Data for review Block Start

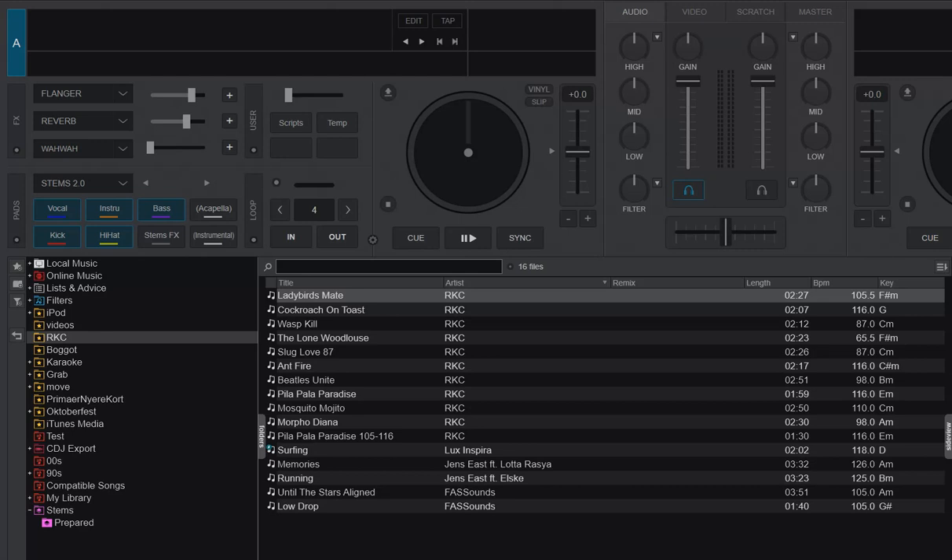As you probably know, you can have prepared stems in Virtual DJ. That means having the separation done beforehand so it's ready for use instead of being separated on the fly. This is specifically relevant if your computer is a bit slower or older, or doesn't have a GPU, so it struggles to do it on the fly like this one we're recording on.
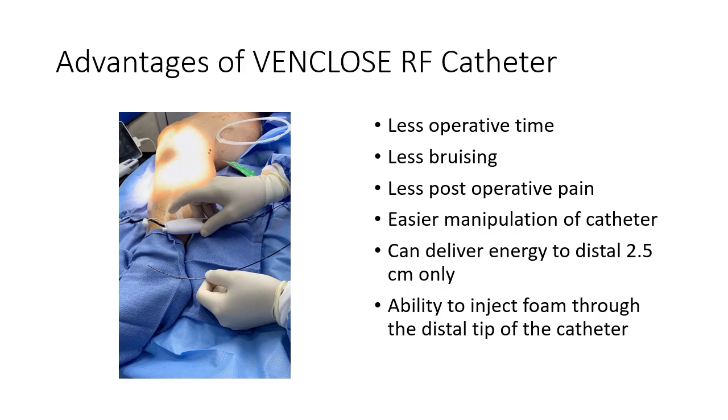Some of the advantages of using the VinClose catheter are the following: there's less operative time, less bruising, less postoperative pain, and easier manipulation of the catheter. You can deliver energy just to the distal 2.5 centimeters only. This is a nice technique to use when you have short segments or small perforators to treat with short distances. You can also inject foam through the distal tip of the catheter, which is another useful adjunct.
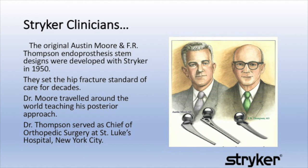Austin Talley Moore, pictured top left, originally began working with Stryker in the 1940s. He developed the grandfather of all hemi hips, the Austin Moore Endo, in 1950.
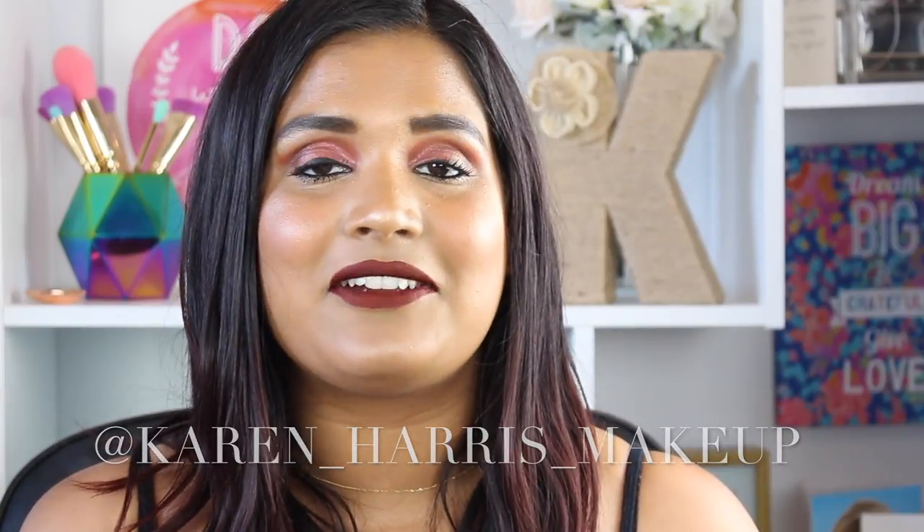My handle is KarenHarrisMakeup. So if you don't see me on here for a few days, definitely check out Instagram because I will be on there. But without further ado, let's get into my review on these Colored Grain products.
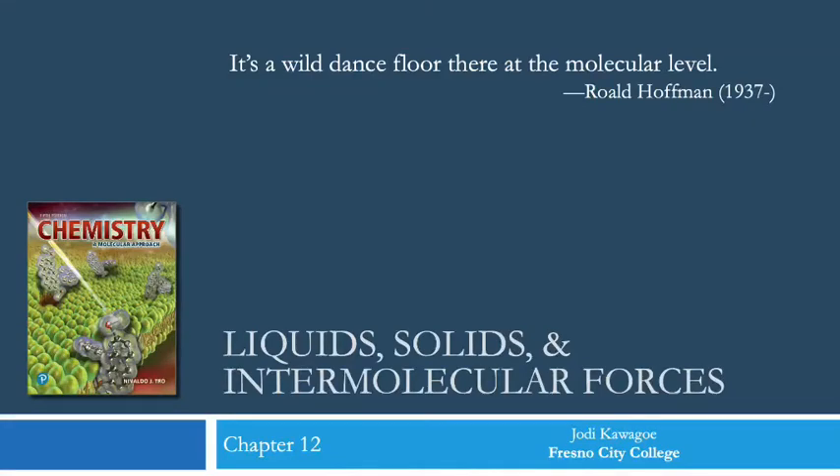Chapter 12: Liquids, Solids, and Intermolecular Forces. The quote here is from Roald Hoffman: 'It's a wild dance floor there at the molecular level.'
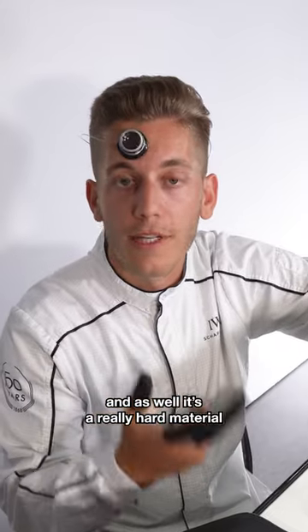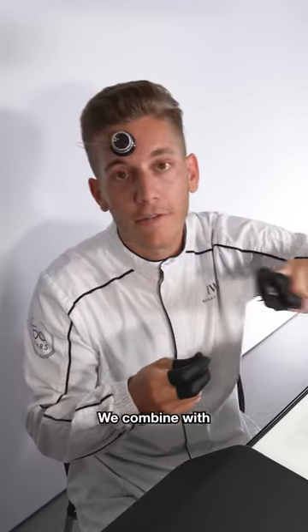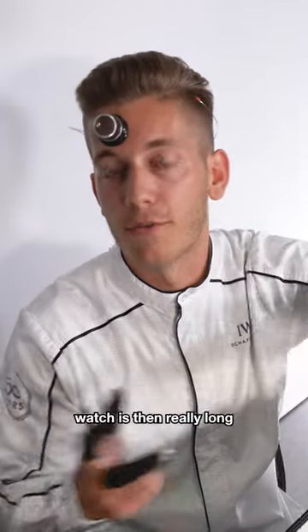Combined with a little bit of oil, the durability of the watch has been really long.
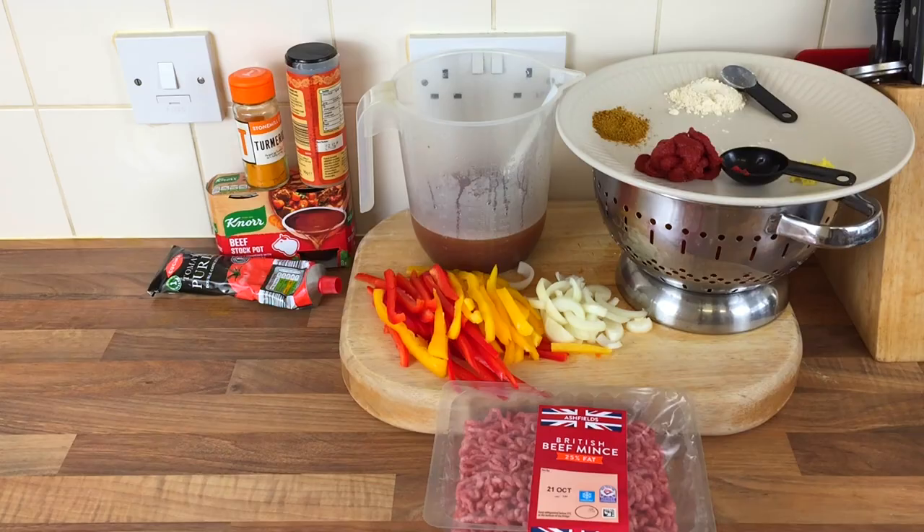Hello everybody, welcome! Who's ever had a keema pie? I've never had a keema pie before — I'm gonna have one today because I'm gonna make one. So let's get straight into it and let's get cooking.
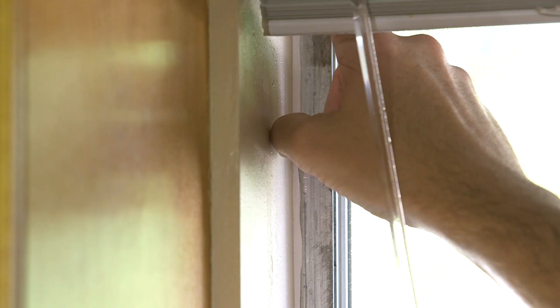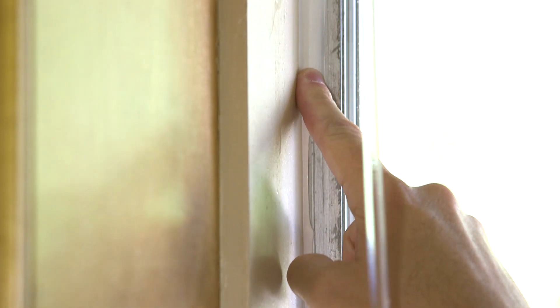And here's a trick: lightly spray your caulk line with water. This will make it easy to get the perfect line. Then take your finger and evenly wipe away the excess caulk. See? Perfect.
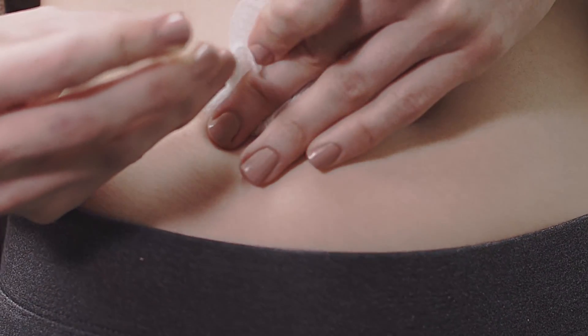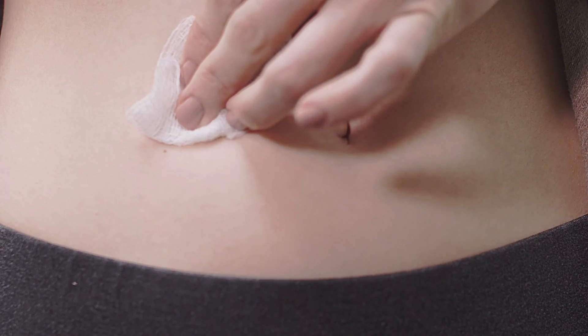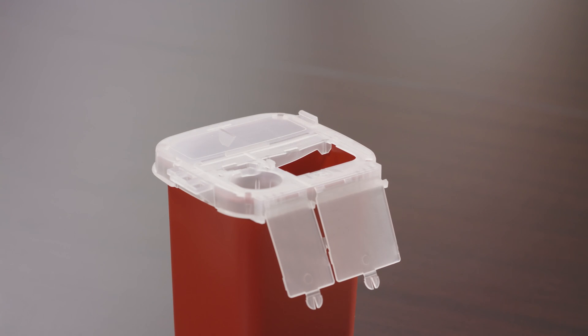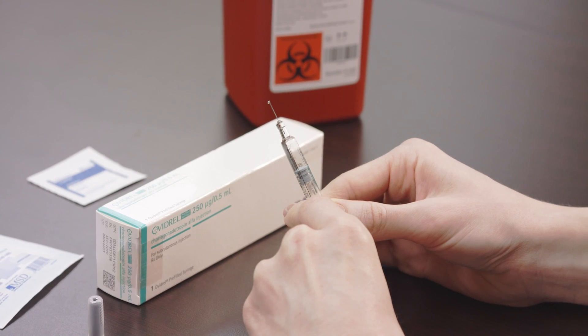Gently remove the syringe and apply pressure with gauze. Dispose of the used syringe into the designated sharps container. Thank you for watching this instructional video for the Ovidril injection.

Data for review Block End

Working from the entries above, reproduce exactly and only the lines beginning with the line that has "Some of the" and ending with the line that has "Austin Talley Moore, pictured"; omit all pictures.

Task response:
Some of the advantages of using the VinClose catheter are the following: there's less operative time, less bruising, less postoperative pain, and easier manipulation of the catheter. You can deliver energy just to the distal 2.5 centimeters only. This is a nice technique to use when you have short segments or small perforators to treat with short distances. You can also inject foam through the distal tip of the catheter, which is another useful adjunct.
Austin Talley Moore, pictured top left, originally began working with Stryker in the 1940s. He developed the grandfather of all hemi hips, the Austin Moore Endo, in 1950.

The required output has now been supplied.